• **Directions**
Without pictures, return the lines from the one containing "Gallery - Tahiti Sail And Dive" through the last line of the data below, exactly.

• **Dataset extract**
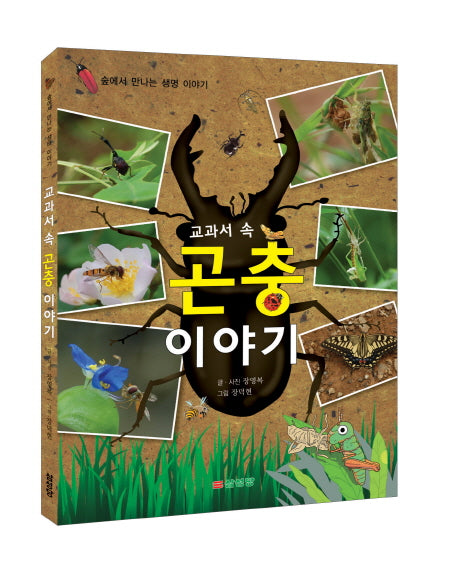 교과서 속 곤충 이야기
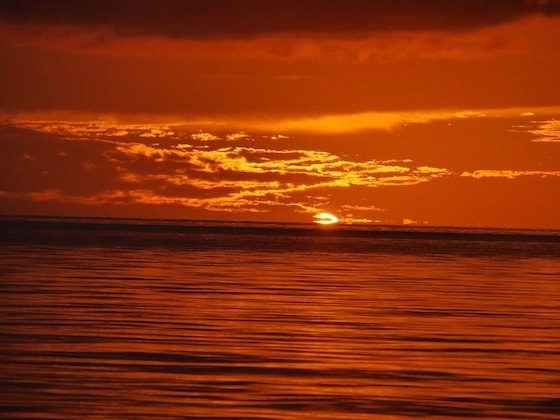 Gallery - Tahiti Sail And Dive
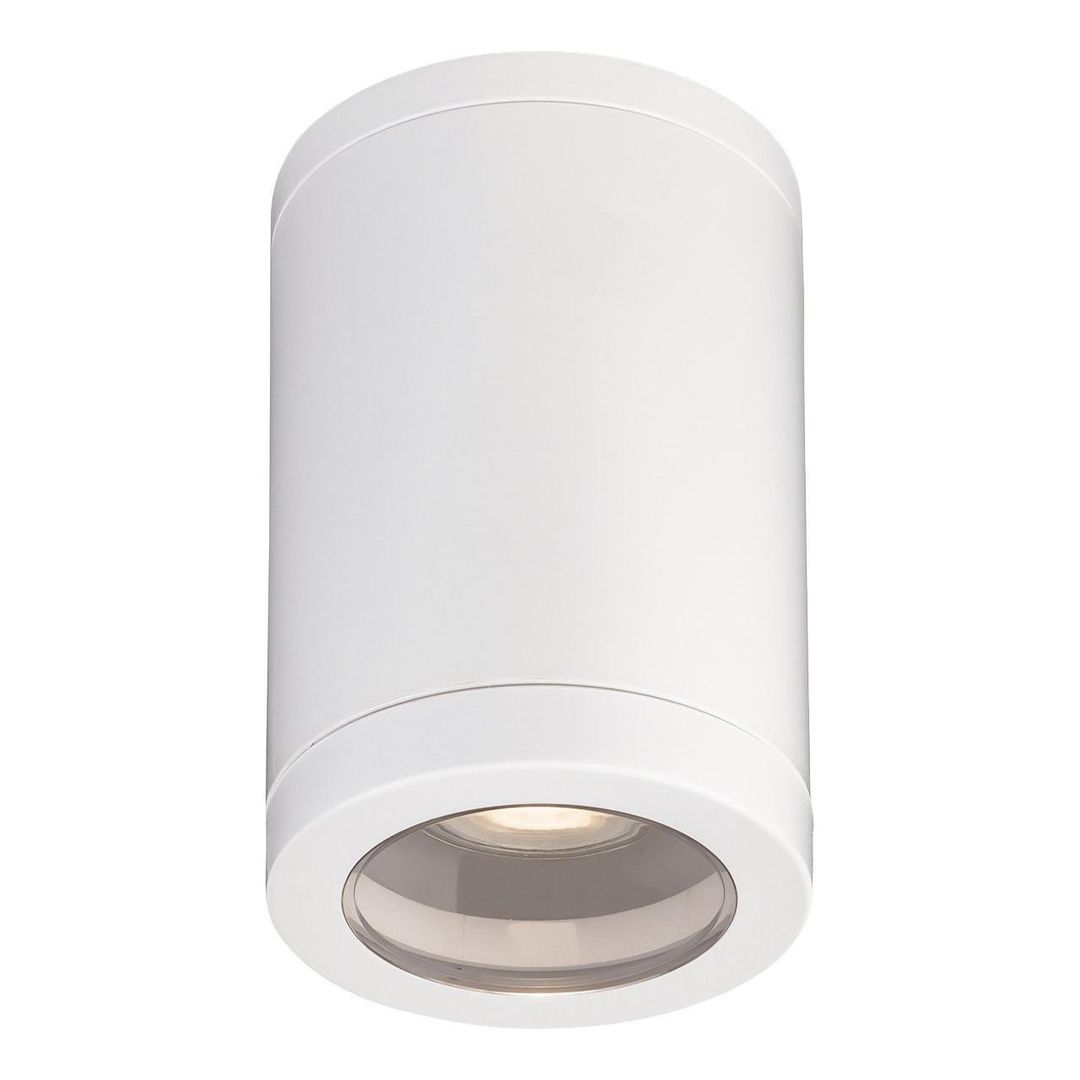 Firstlight Max Outdoor Ceiling Light Resin in White - Image 1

• **Answer section**
 Gallery - Tahiti Sail And Dive
 Firstlight Max Outdoor Ceiling Light Resin in White - Image 1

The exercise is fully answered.